• [Data segment]
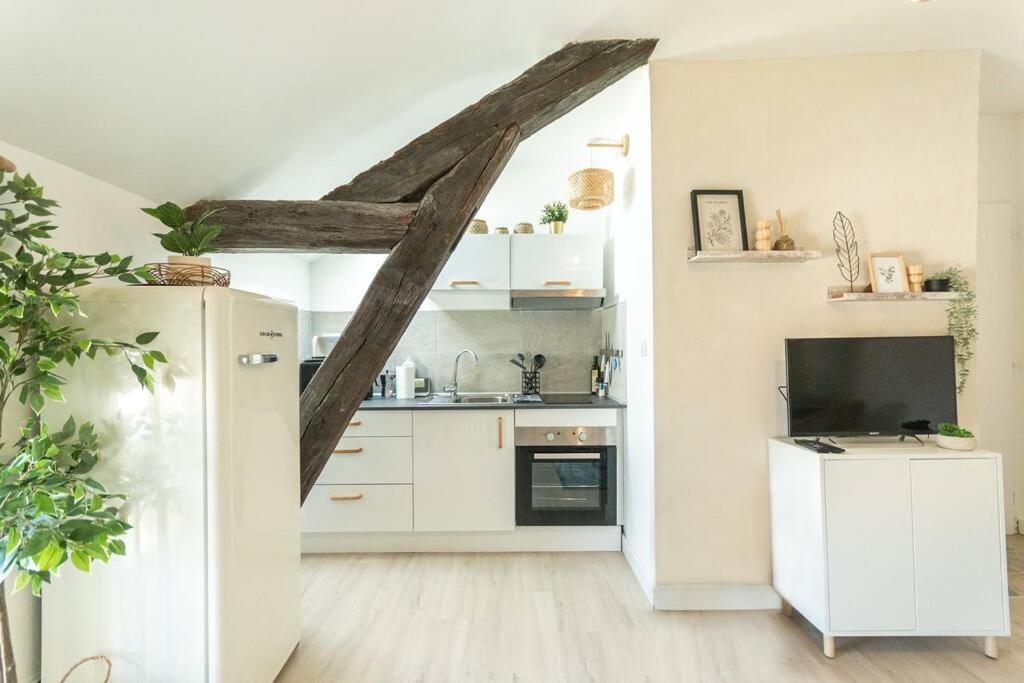 Immeuble L'Aristocrate - Le Boho- Bd Carnot - 2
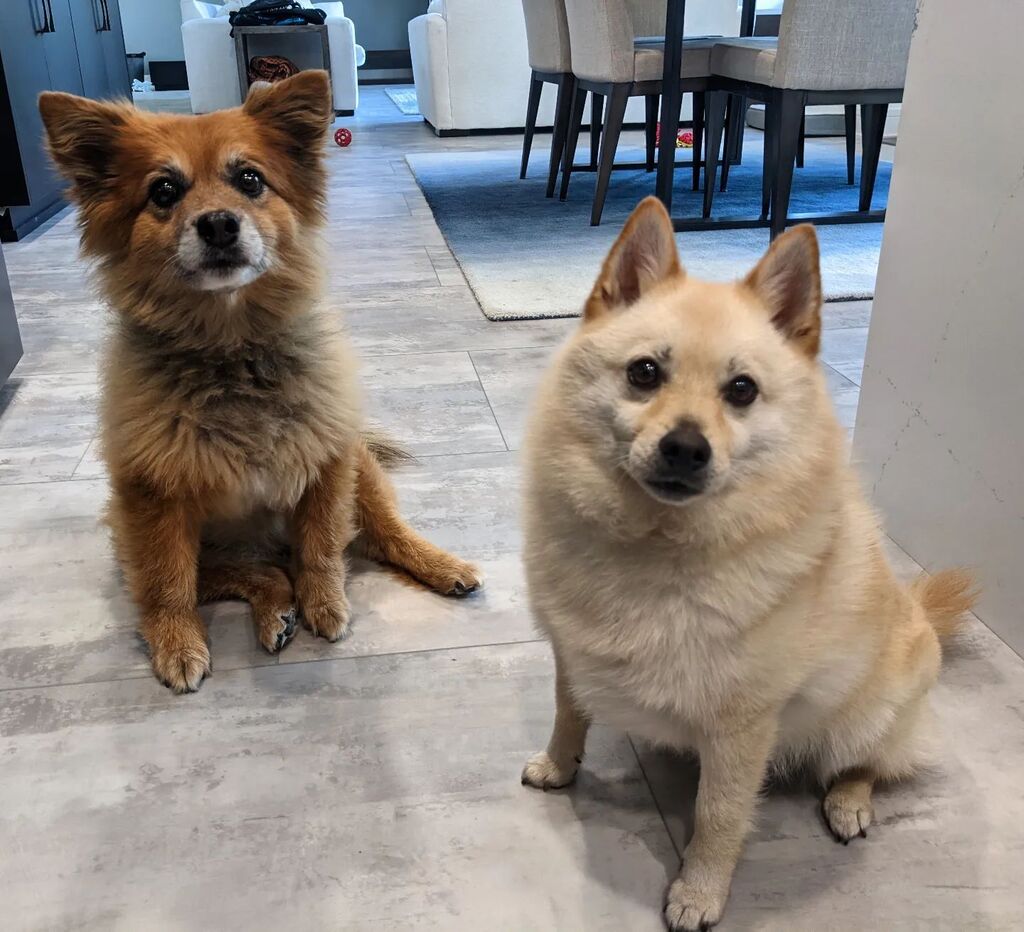 them2dogs's tweet photo. Look at this dog! It's baby! #dogsiblings #dogsofinstagram #dogsoftwitter #perfectpup https://t.co/ecWGdlM6Dj https://t.co/mP67OridpW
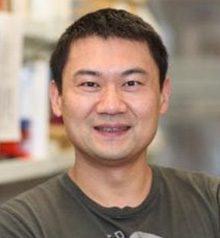 Ting Wang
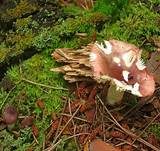 Wechselfarbiger Speitäubling, Foto 11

• [Required action]
Each line above must be set down exactly, though no picture should be carried over.

• [Answer]
 Immeuble L'Aristocrate - Le Boho- Bd Carnot - 2
 them2dogs's tweet photo. Look at this dog! It's baby! #dogsiblings #dogsofinstagram #dogsoftwitter #perfectpup https://t.co/ecWGdlM6Dj https://t.co/mP67OridpW
 Ting Wang
 Wechselfarbiger Speitäubling, Foto 11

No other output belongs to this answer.